MORRIS – Illinois legislators legalized same-sex marriage in a historic vote this week – but lawmakers who represent Grundy County residents were not among those in favor of legalization.
State Sen. Sue Rezin, R-Morris, and state Reps. John Anthony, R-Plainfield, and Kate Cloonen, D-Kankakee, voted against the measure, according to vote totals posted on the Illinois Legislature’s website. State Sen. Toi Hutchinson, D-Olympia Fields, who also represents part of the county, voted in favor of it.
Although the Democratic Party embraced same-sex marriage as part of the party’s platform during last year’s election, Cloonen said she voted against the measure because she was representing the beliefs of her constituents.
“I talked to a lot of people in my district. I went door to door. I met many people one on one,” Cloonen said. “Although there were some in favor of same-sex marriage, I would say the majority was not.”
Anthony said he opposed the legislation because there are not enough adequate protections for religious institutions, and Rezin voted against the bill because of her personal stance on marriage.
“In my last two elections, I was very honest with people that I support traditional marriage between a man and a woman,” Rezin said. “I think it is important that my vote reflects what I ran on.”
The House voted to pass the bill 61-54 – with only one vote more than was needed – and the Senate gave it final approval in a 32-31 vote, making Illinois the 15th state to legalize same-sex marriage.
Gov. Pat Quinn has said he intends to sign it into law Nov. 20. Same-sex couples will be able to legally wed as of June 2014 once it’s signed.
The Rev. Luanne Bettisch of Peace Lutheran Church in Morris said she is pleased with decision for marriage equality.
“I believe Jesus came to level the playing field by claiming that all people are beloved children of God, regardless of race, gender or social standing,” Bettisch said.
Peace Lutheran is a part of the Evangelical Lutheran Church in America, which formally approved in 2009 same-sex marriage.
Bettisch said she is unclear whether her church will perform same-sex ceremonies.
“That’s up to the congregation,” Bettisch said. “My prayer would be that by embracing marriage equality we are opening doors for all people to feel welcome and loved by God.”
The Rev. Steve Heilmann of Grace Lutheran Church in Morris said he and the congregation oppose same-sex marriage, and will be amending the church’s constitution to forbid same-sex ceremonies from taking place in the church’s facility.

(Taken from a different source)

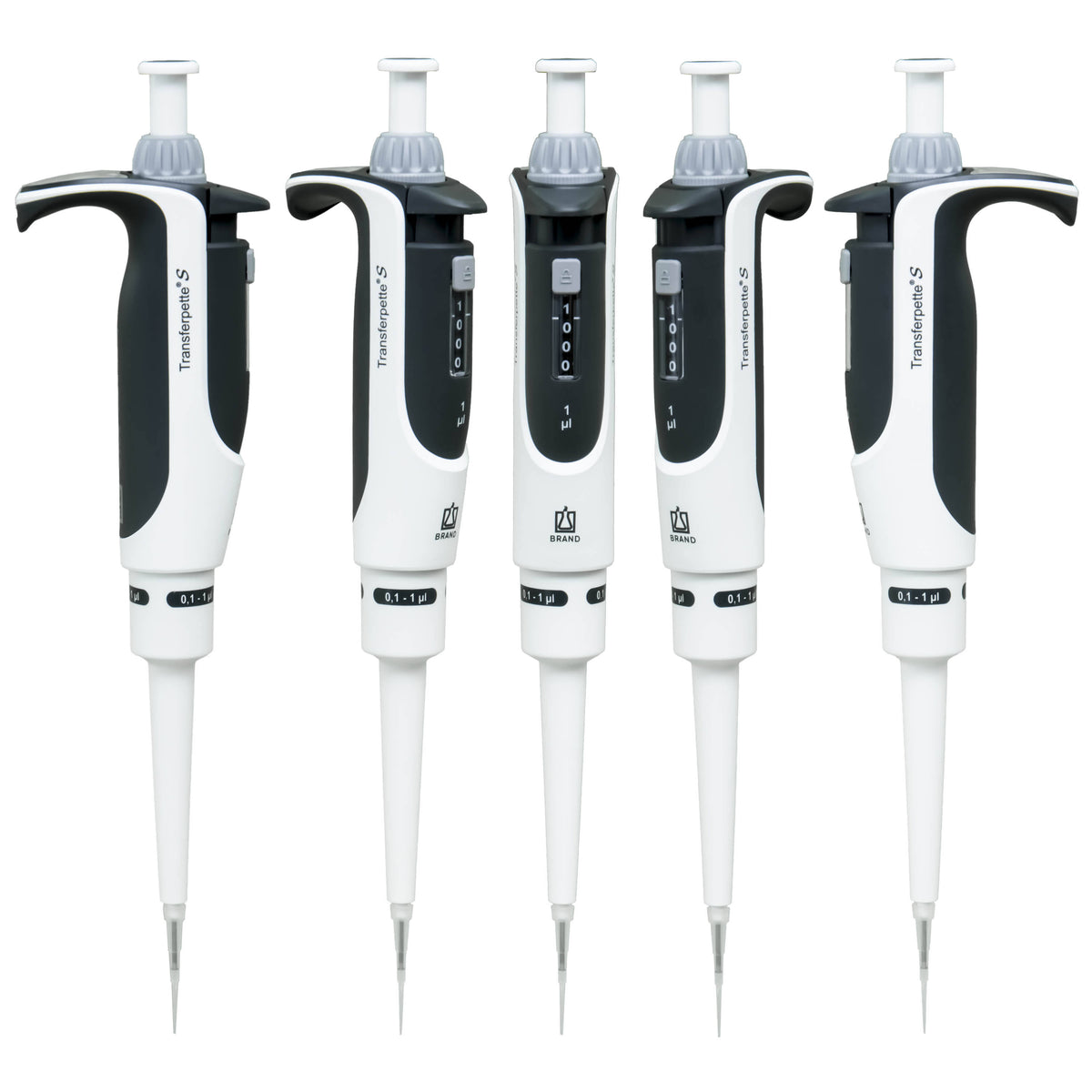 Single Channel Adjustable Volume Pipette 0.1-2.5ul L4552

“The law doesn’t force any pastor to marry anybody they don’t want to so I’m personally protected,” Heilmann said. “We aren’t against homosexuals, but marriage for them is just against nature.”

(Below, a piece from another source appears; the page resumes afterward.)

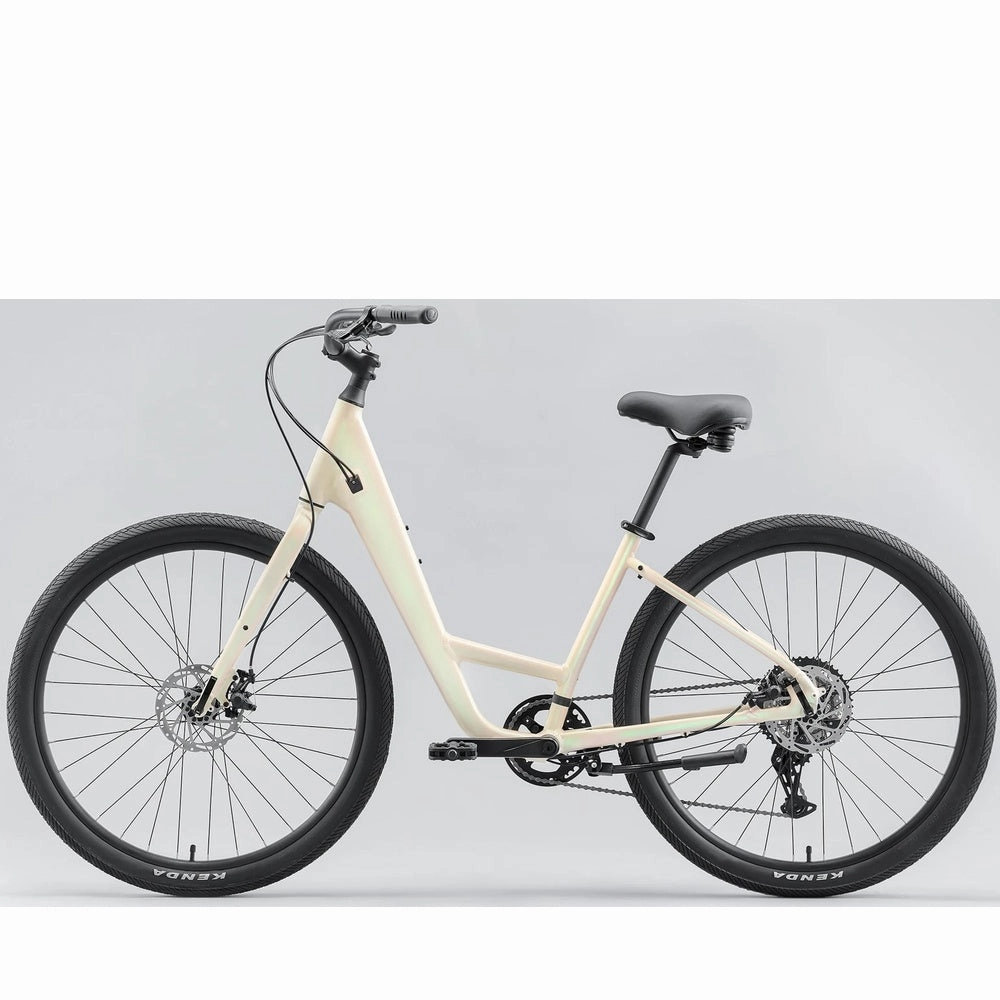 Norco Scene 2 Cruiser Bike - White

The Rev. Caleb Counterman of Faith Baptist Church in Morris said his church already has measures in its constitution that prevent same-sex ceremonies in its facility.
“We’re not going to let social dictates have a bearing on what God’s dictates are,” Counterman said.
Faith Baptist Church opens its doors to everyone but has prerequisites for those who want to become church members, including defining marriage as a union between a man and a woman. This would prohibit any same-sex couples from being church members.
“That might not be the most popular position, but we are not going to shy away from what we believe is right in God’s eyes,” Counterman said.